Here is the terminology I like to use. We match an **old object** in the **old frame** (previous frame) to the closest **new object** in the **new frame** (current frame). You will also notice there are print statements in the code that are commented out. I left them in there so you can see how I debug my code, by printing out signficant variables while the programming is running.

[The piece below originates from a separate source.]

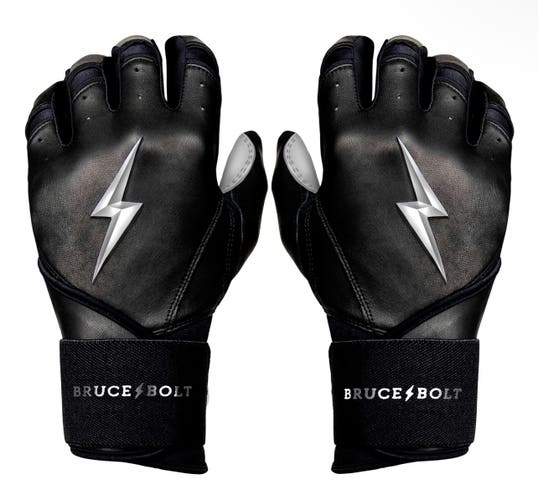 New Bruce Bolt Long Cuff Batting Gloves Chrome Series Adult XL Black/Grey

**Simple Object Tracker Implimentation**

We will implement a very simple tracking algorithm, called the centroid tracker, because it tracks the center of each object. The assumption is a new object in the new frame hasn't moved much since the old frame. Therefore, a new object is the same object in the old frame with the closest proximity. To do this, for every new object in the new frame, we calculate the center of the object (xc,yc), and find the object in the old frame that is closest to xc,yc. This works as long as the objects aren't too close to each other (avoiding merging and splitting), don't move too fast, and don't go in and out of frame. Once we do all the matching, any left over old objects are called **orphans**. They either left the display or we experienced detector dropout. Any left over new objects are called **newborns**, they either just came into the frame are are produced by detector **dropins**. In the next section we will go into more detail on tracking failure modes.

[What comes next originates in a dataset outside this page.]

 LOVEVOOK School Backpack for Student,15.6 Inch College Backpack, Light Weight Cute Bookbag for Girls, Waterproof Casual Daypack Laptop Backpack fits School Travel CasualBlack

**Tracking Failure Modes**

The simple tracker works well when there are just a few objects and they don't cross or touch each other. However, there are several conditions that will cause tracking errors. We will consider three cases; when objects move in and out of frame, when objects in frame overlap each other, and when the detector fails. I'll now describe some cases where the simple tracker will fail. In the first case, if an object moves out of frame, it will disappear from the new frame creating **orphans** (old object that doesn't have a corresponding new object). Conversly, an object can move into the new frame, it will not be in the previous frame, and will appear in the new frame (**newborns**). 

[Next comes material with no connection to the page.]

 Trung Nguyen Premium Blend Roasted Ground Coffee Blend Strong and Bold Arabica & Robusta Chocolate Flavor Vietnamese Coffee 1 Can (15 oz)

In the second case, when two objects in a previous frame, overlap in the current frame, they will be considered one object, a condition we call **merging**. Conversly, when two objects that were merged in a previous frame, separate into two distinct objects in the current frame, we call this **splitting**. 

In the third case, the detection is faulty. For the simple detection method we are using, this happens when there is variation in the object brightness from frame-to-frame and the brightness is near the quantization threshold. When the brightness dips below the threshould, the object is not detected, and disappears. We call this **dropout**. When the brightness increases above the threshold, it reappears (let's call it **drop-in**), often giving the appearance of **blinking**, alternating between appearing and disappearing.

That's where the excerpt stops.